(Dataset extract)
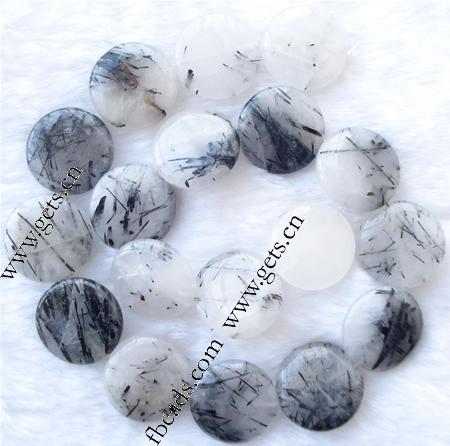 Perles Quartz rutile, Plat rond, naturel, multiple tailles pour le choix, Niveau AA, Longueur:16 pouce, Vendu par brin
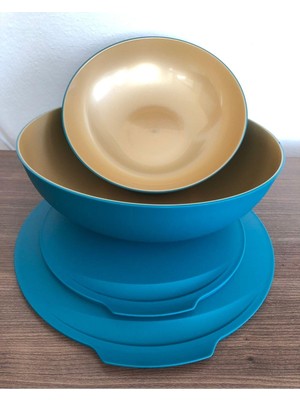 Aesco Tupperware Berrak Ikili Set Turkuaz-Gold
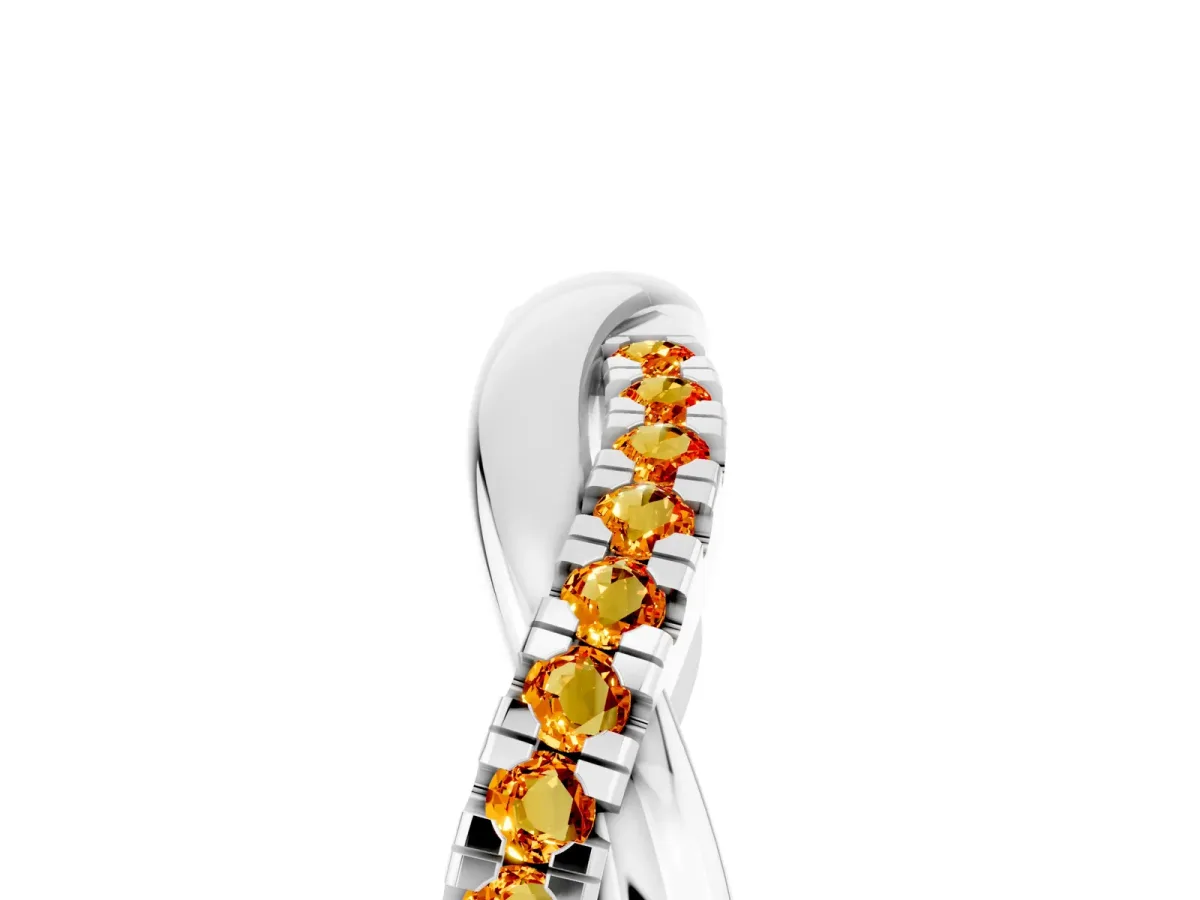 Round Citrine Twisted Infinity Band with Prong Setting White gold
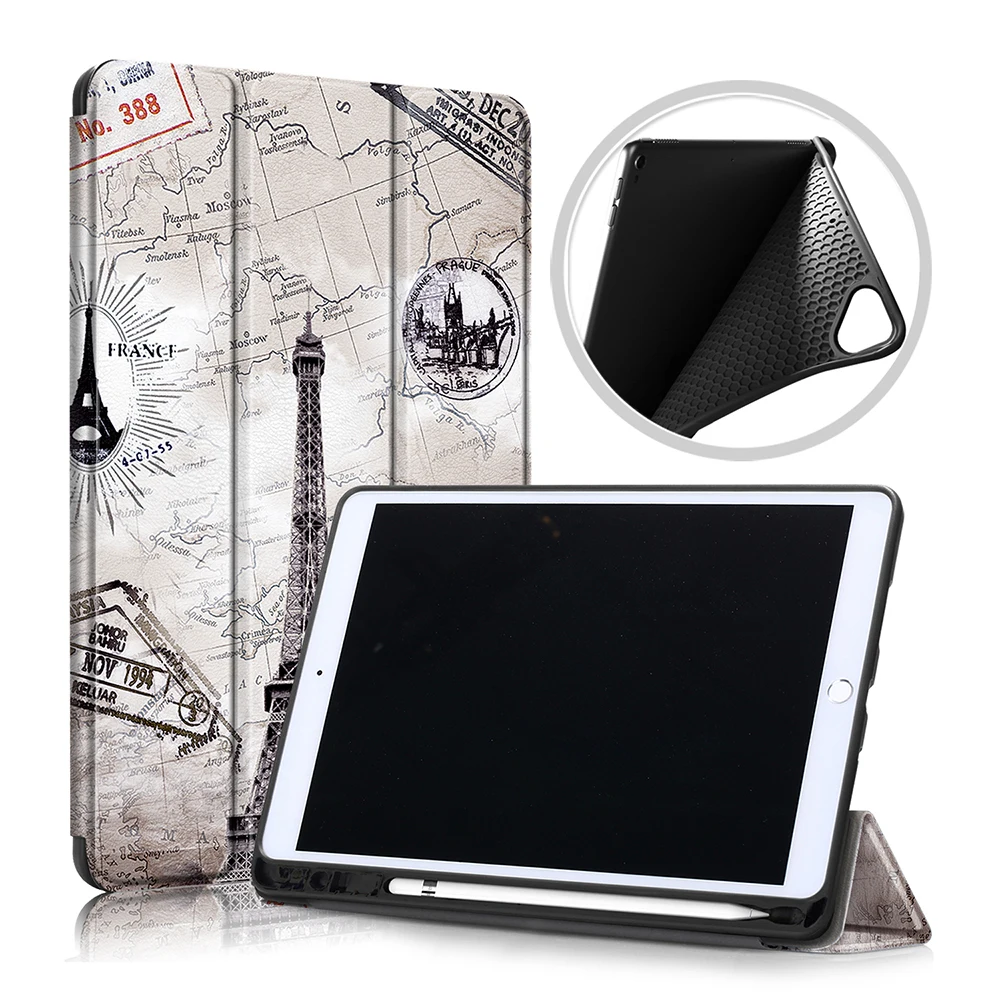 Tablet Protective Cases Painted Flip smart stand TPU case for iPad 10.2 Eiffel tower plum blossom Painted Cover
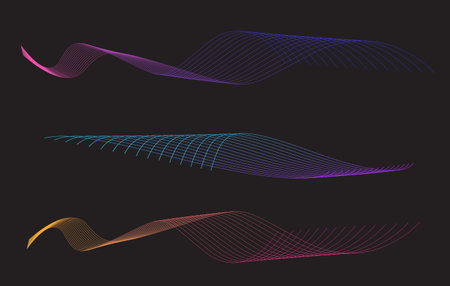 Abstract lines wave background. flowing wave lines. Digital future technology concept. Lines colorful. Vector illustrationのイラスト素材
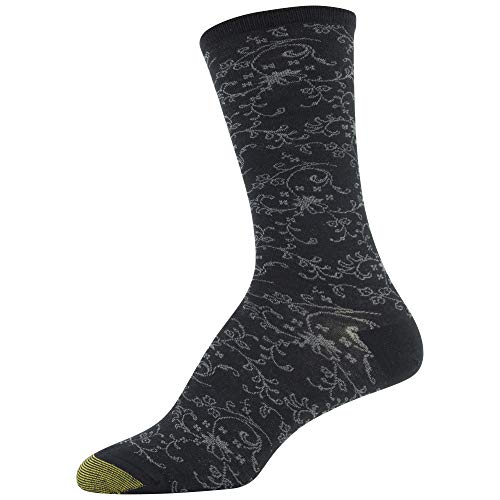GOLDTOE Women's Scrolls Dress Crew Socks, 3 Pairs, Black Floral/Black/Black Vine, Shoe Size: 6-9 - Image 3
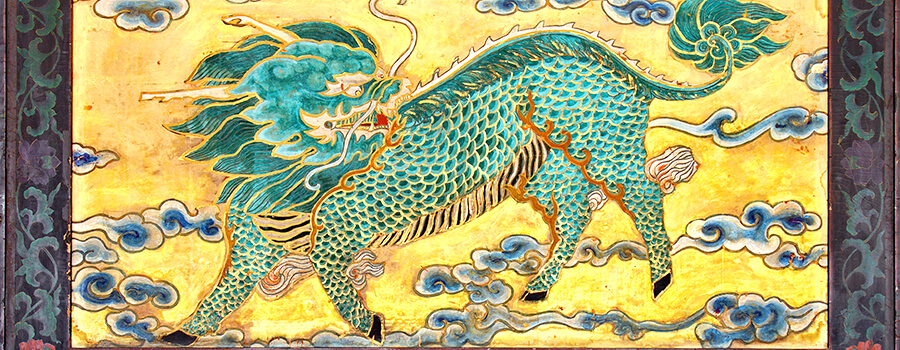 painting of a dragon use in the tibetan new year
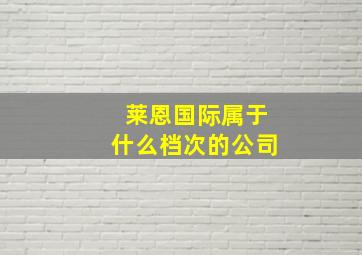 莱恩国际属于什么档次的公司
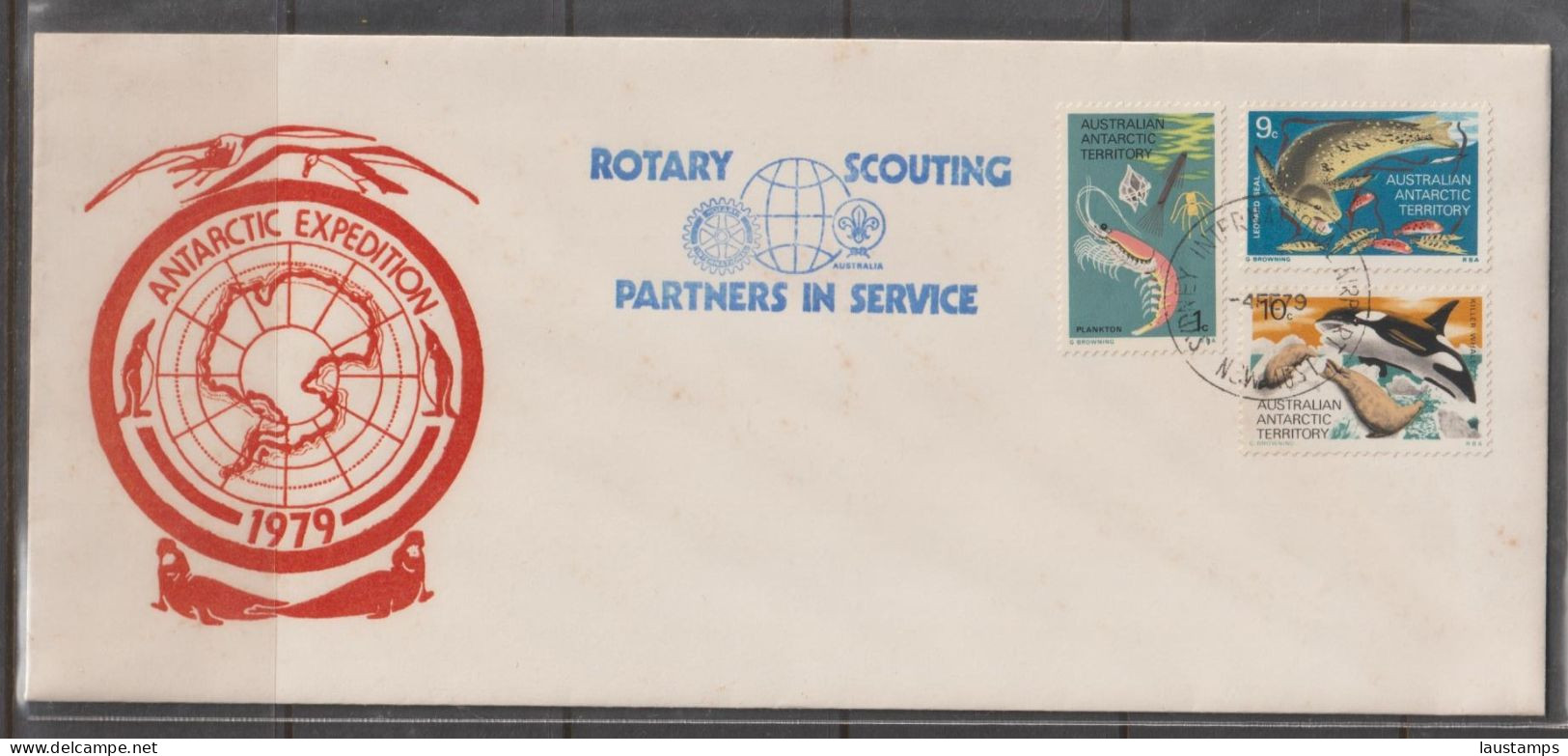 AAT 1979 Rotary, Scouting Partners In Service, Antarctic Expedition Cover - Autres & Non Classés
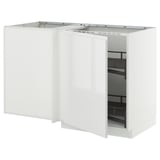 METOD Mobile base angolare/cestello estr., bianco/Voxtorp lucido/bianco, 128x68 cm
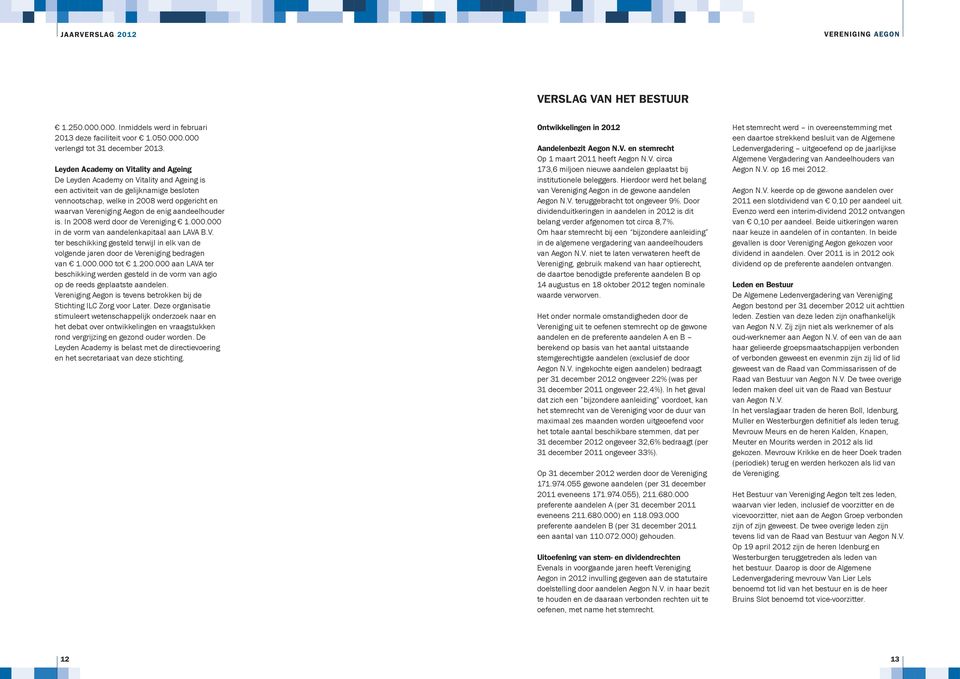 enig aandeelhouder is. In 2008 werd door de Vereniging 1.000.000 in de vorm van aandelenkapitaal aan LAVA B.V. ter beschikking gesteld terwijl in elk van de volgende jaren door de Vereniging bedragen van 1.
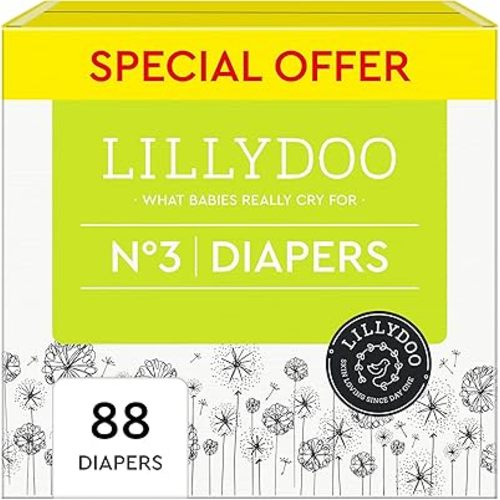 Diapers - Size 3 (13-22 lbs), Half-Monthly Supply (88 Count), Skin-Friendly, Ultrasoft, Chlorine-Free & Absorbent Baby Diapers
(End Dataset extract)
- Exercise objective
Pictures stay out. Repeat only the lines from the beginning of the data through the line that has "Abstract lines wave".

- Solution to the exercise
 Perles Quartz rutile, Plat rond, naturel, multiple tailles pour le choix, Niveau AA, Longueur:16 pouce, Vendu par brin
 Aesco Tupperware Berrak Ikili Set Turkuaz-Gold
 Round Citrine Twisted Infinity Band with Prong Setting White gold
 Tablet Protective Cases Painted Flip smart stand TPU case for iPad 10.2 Eiffel tower plum blossom Painted Cover
 Abstract lines wave background. flowing wave lines. Digital future technology concept. Lines colorful. Vector illustrationのイラスト素材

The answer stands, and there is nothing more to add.